*** Opening MATERIAL SUPPLIED ***

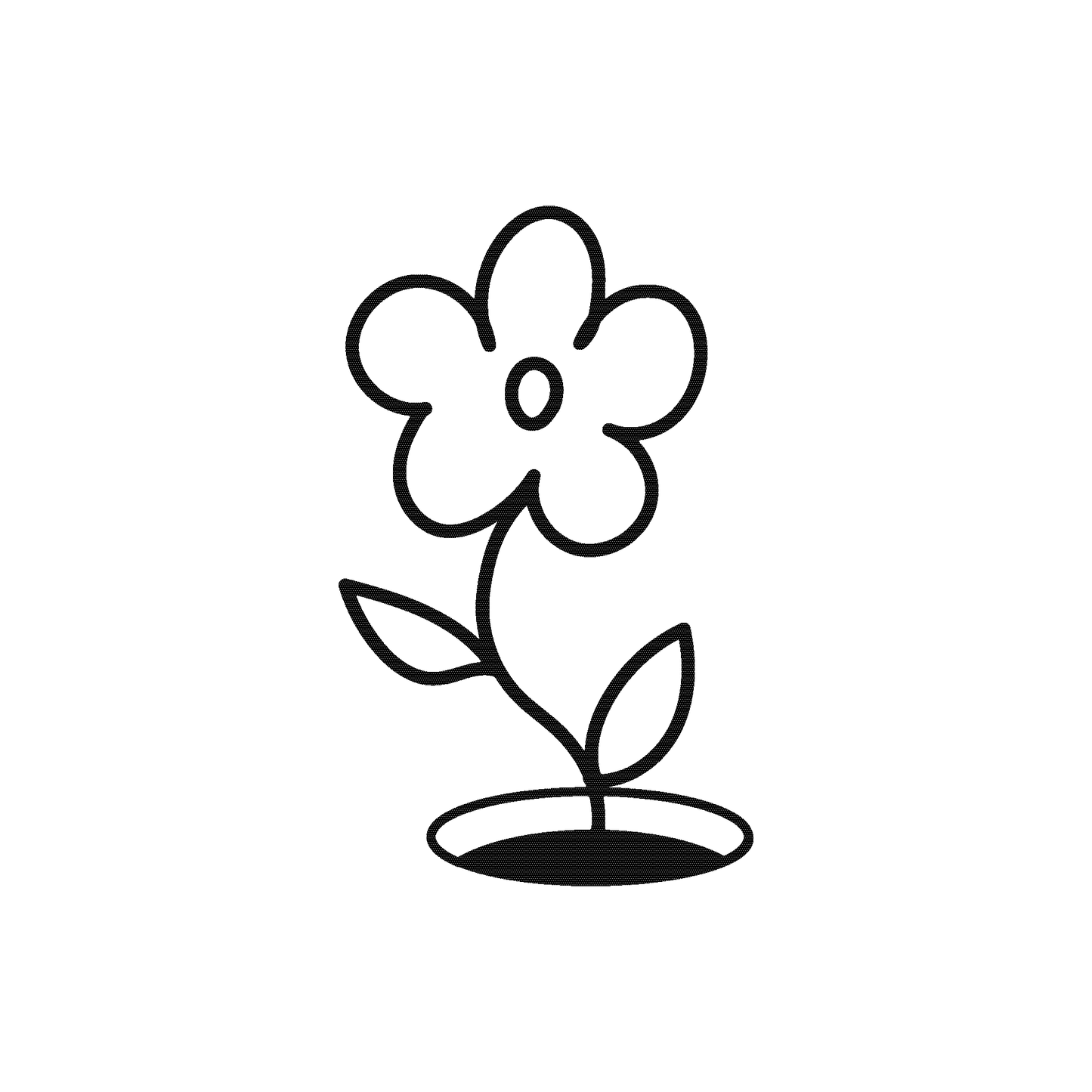 Flower of Hope temporary tattoo design, symbolizing resilience and growth, 2x2 inch tattoo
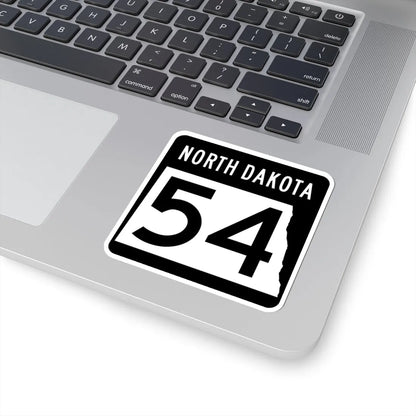 ND-54 2015 (North Dakota) (Road Sign) STICKER Vinyl Kiss-Cut Decal - The Sticker Space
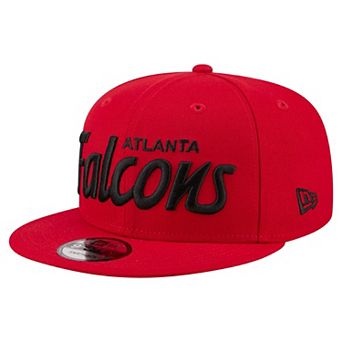Men's New Era Red Atlanta Falcons Core Team Script 9FIFTY Snapback Hat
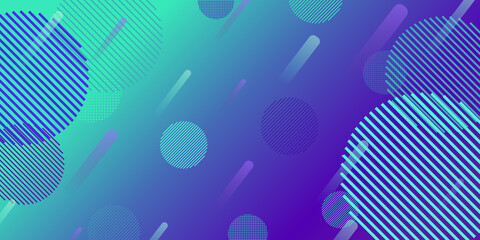 Wall Mural - Abstract modern background gradient color. Blue and green gradient with dynamic circle abstract. Bg texture for poster cover design. 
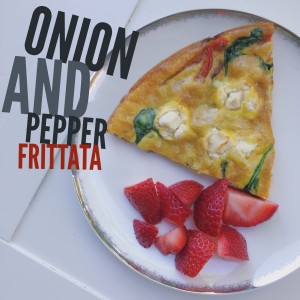 Onion and Pepper Frittata Her Heartland Soul Erin Fairchild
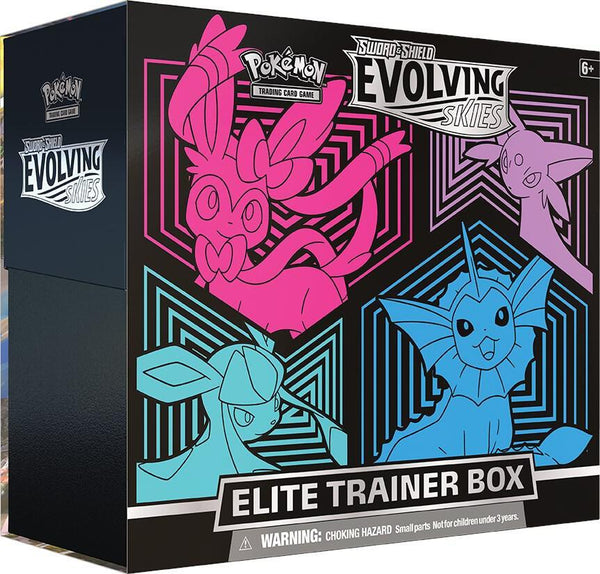 ポケモンカードゲーム 海外版 Evolving Skies Elite Trainer Box (グレイシア・シャワーズ・ニンフィア・エーフィ)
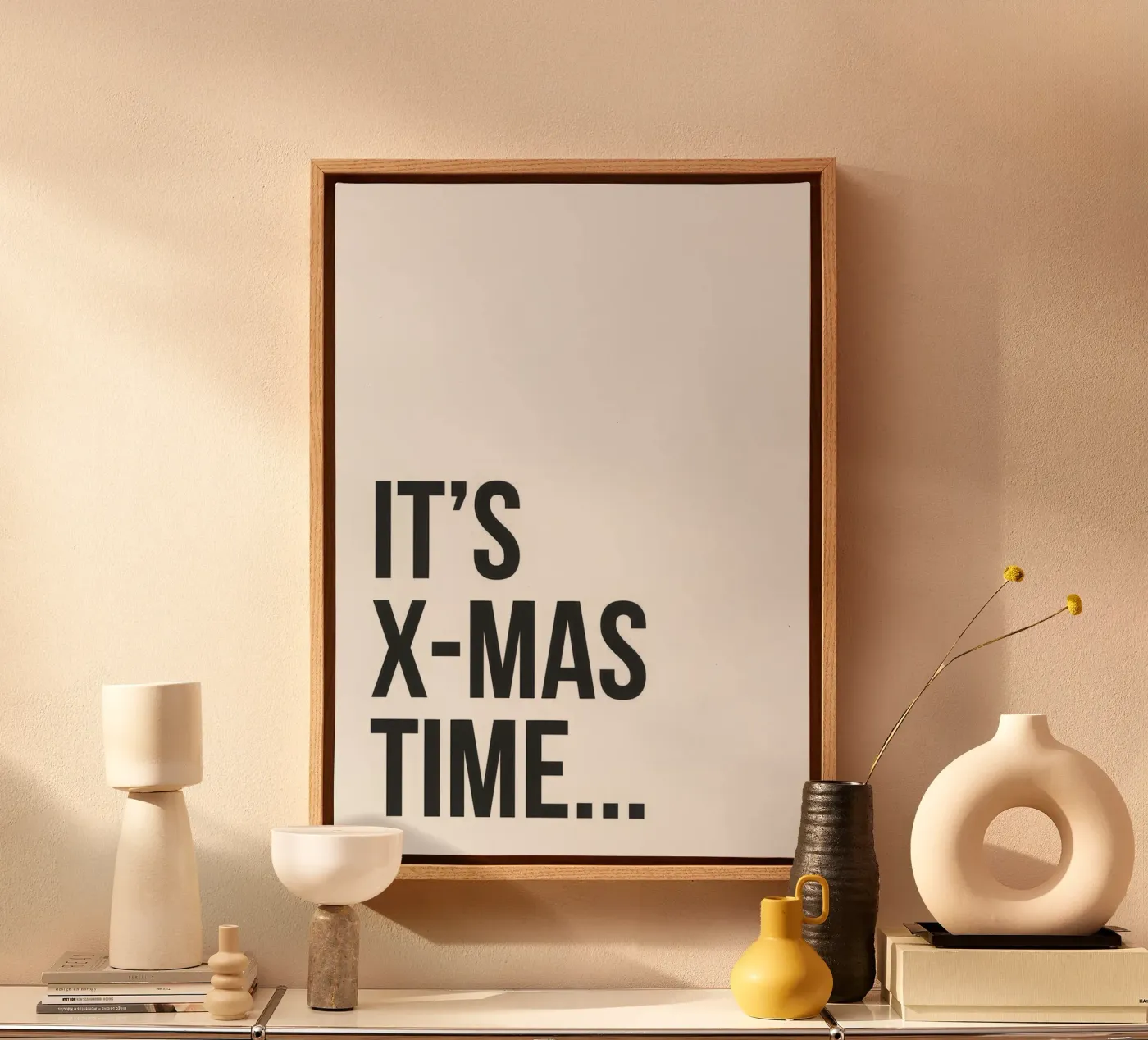 It's X-Mas Time canvas van WORD & WONDER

*** Closing MATERIAL SUPPLIED ***

REQUIRED ACTION - For this exercise, output the records exactly but omit their pictures.

THE COMPLETED TASK -
 Flower of Hope temporary tattoo design, symbolizing resilience and growth, 2x2 inch tattoo
 ND-54 2015 (North Dakota) (Road Sign) STICKER Vinyl Kiss-Cut Decal - The Sticker Space
Men's New Era Red Atlanta Falcons Core Team Script 9FIFTY Snapback Hat
 Wall Mural - Abstract modern background gradient color. Blue and green gradient with dynamic circle abstract. Bg texture for poster cover design. 
 Onion and Pepper Frittata Her Heartland Soul Erin Fairchild
 ポケモンカードゲーム 海外版 Evolving Skies Elite Trainer Box (グレイシア・シャワーズ・ニンフィア・エーフィ)
 It's X-Mas Time canvas van WORD & WONDER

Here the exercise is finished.